# [WORK TO BE COMPLETED]
Exclude images, then output the remaining data verbatim.

# [SUPPLIED DATA]
····················

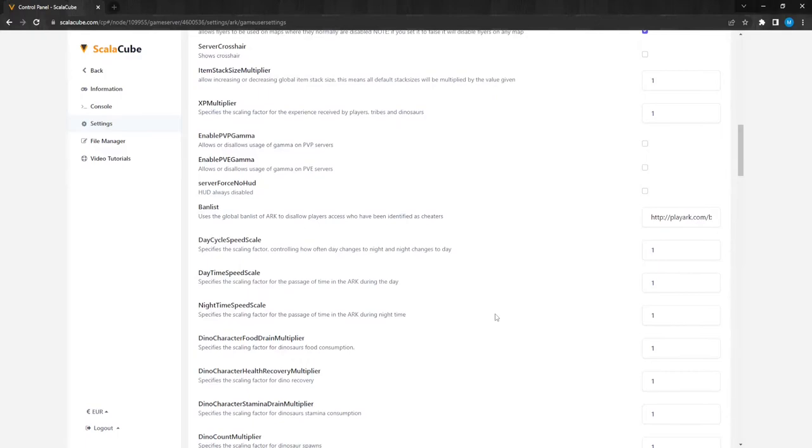Values lower than the default one slow down the cycle and higher values accelerate it. If you want it to match real-life hours, change it to 0.035.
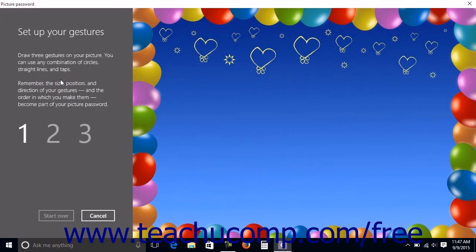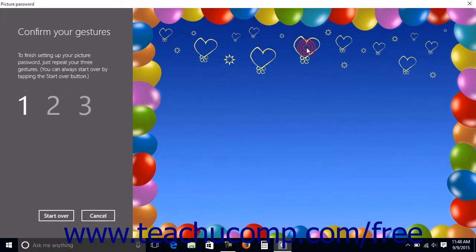After clicking Use This Picture, draw three gestures on your picture using your touch screen. You can use straight lines, circles, or taps. You must remember these gestures, as you will need to replicate them on the picture to log in when using the picture password in the future. As you make each gesture, the highlighted number at the left side of the screen changes to indicate each gesture as it is created and accepted.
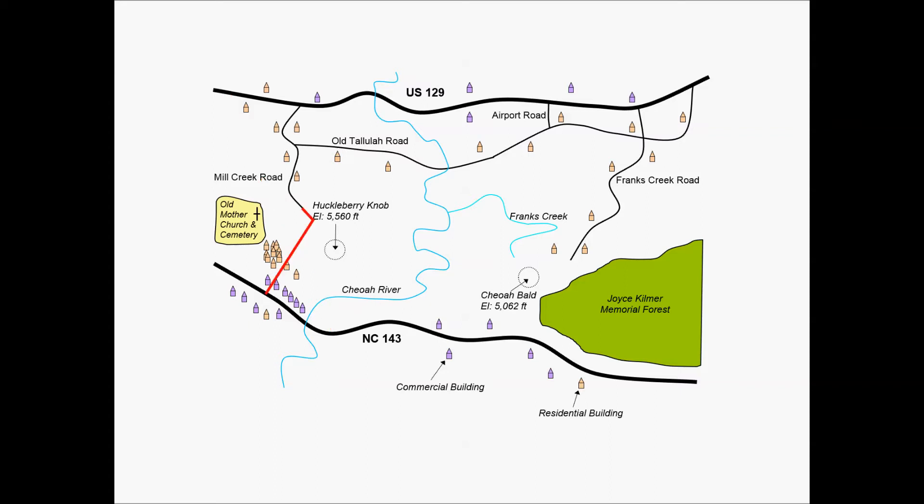Maybe you try to shorten the length of that roadway by extending Mill Creek Road. Maybe you take out some of the houses or commercial buildings or missing the houses and commercial buildings. So you extend Mill Creek Road and connect directly to NC 143.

····················

# [THE COMPLETED TASK]
Values lower than the default one slow down the cycle and higher values accelerate it. If you want it to match real-life hours, change it to 0.035.
After clicking Use This Picture, draw three gestures on your picture using your touch screen. You can use straight lines, circles, or taps. You must remember these gestures, as you will need to replicate them on the picture to log in when using the picture password in the future. As you make each gesture, the highlighted number at the left side of the screen changes to indicate each gesture as it is created and accepted.
Maybe you try to shorten the length of that roadway by extending Mill Creek Road. Maybe you take out some of the houses or commercial buildings or missing the houses and commercial buildings. So you extend Mill Creek Road and connect directly to NC 143.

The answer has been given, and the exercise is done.